Il nous faut donc renforcer le lien de l’école avec les familles populaires et retravailler la fonction du collectif : une classe ne se réduit pas à la juxtaposition d’individus auxquels on fournit des protocoles d’exercices standardisés. Une classe, c’est un lieu où l’on accueille et accompagne des singularités, mais aussi où l’on construit du « commun » : des savoirs communs, des valeurs communes. Une classe, c’est précisément un lieu d’articulation, toujours à reconstruire, entre le singulier et le commun.

Rhizome : Dans cette situation, comment voyez-vous l’apport de la psychologie dans la pédagogie aujourd’hui, que ce soit d’un point de vue théorique ou pratique ?

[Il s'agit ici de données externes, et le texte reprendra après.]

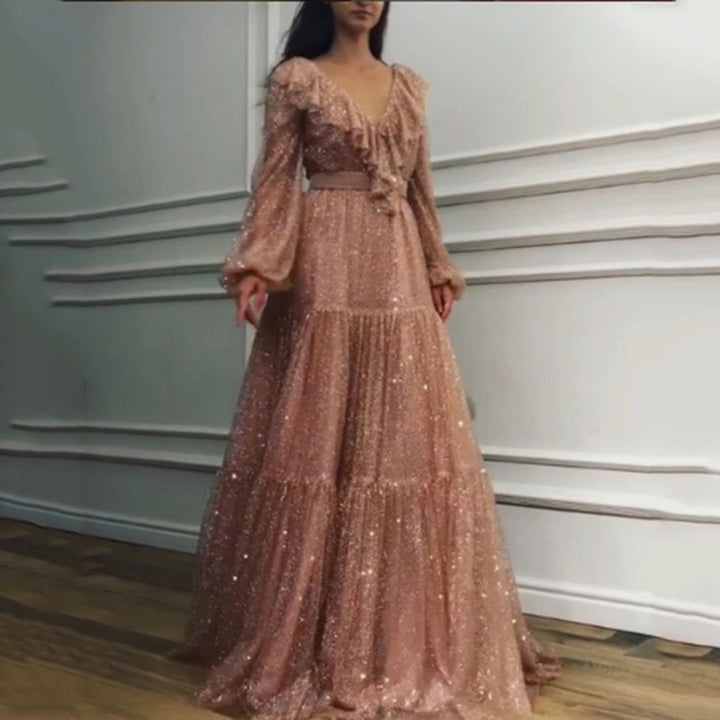 Dame Elegant Maxikjole med Flæse Detaljer og Glimt Effekt Stilla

Philippe Meirieu : La psychologie – peut-être devrais-je dire « les psychologies » ? – est essentielle pour ne pas s’en tenir à une approche purement fonctionnaliste des questions pédagogiques. Comment, par exemple, pouvons-nous ignorer ce que nos enfants ont vécu sur le plan intime pendant la crise sanitaire ? Ils ont entendu égrener le nombre de morts quotidien, appris le décès d’un proche ou d’un ami, vu la société se paralyser et les humains se masquer progressivement le visage. Comme nous, ils ont eu le sentiment que notre société pouvait, en un instant, basculer de la vie dans la survie… Qui peut dire que cela ne les a pas touchés ?

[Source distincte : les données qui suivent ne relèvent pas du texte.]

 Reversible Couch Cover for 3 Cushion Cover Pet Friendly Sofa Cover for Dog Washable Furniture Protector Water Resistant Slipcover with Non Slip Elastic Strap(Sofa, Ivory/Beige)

Or nous n’étions pas préparés à accompagner cela. La pédagogie dominante repose, en effet, sur une vision de l’enfant comme machine : il nous faut lui donner à boire et à manger, puis lui fournir les objets qui lui permettront d’être « dans le coup » et « connecté » avant de l’« armer » pour sa réussite scolaire et professionnelle en lui imposant des exercices calibrés. Mais nous avons oublié qu’il nous faut aussi le nourrir psychiquement, lui offrir des récits qui lui permettent de penser la condition humaine, lui faire prendre conscience de la finitude sans le faire désespérer de l’avenir… Et nous l’avons trop abandonné aux « joueurs de flûte » de la société marchande qui lui fournissent, à jet continu, une surenchère d’effets pour le mettre sous emprise plutôt que l’ouvrir à l’intelligence des êtres et du monde… Voilà qui interroge nos pratiques éducatives et nous renvoie à notre capacité à « parler le monde » avec nos enfants et à les aider à y trouver du sens… Aussi bien dans le rapport aux savoirs scolaires – qu’il faut articuler délibérément avec les questions anthropologiques auxquelles ils font écho – que dans l’accompagnement individuel et collectif, le travail avec les psychologues peut aider les pédagogues à échapper au règne des « procédures » pour leur permettre de travailler sur l’émergence du sujet.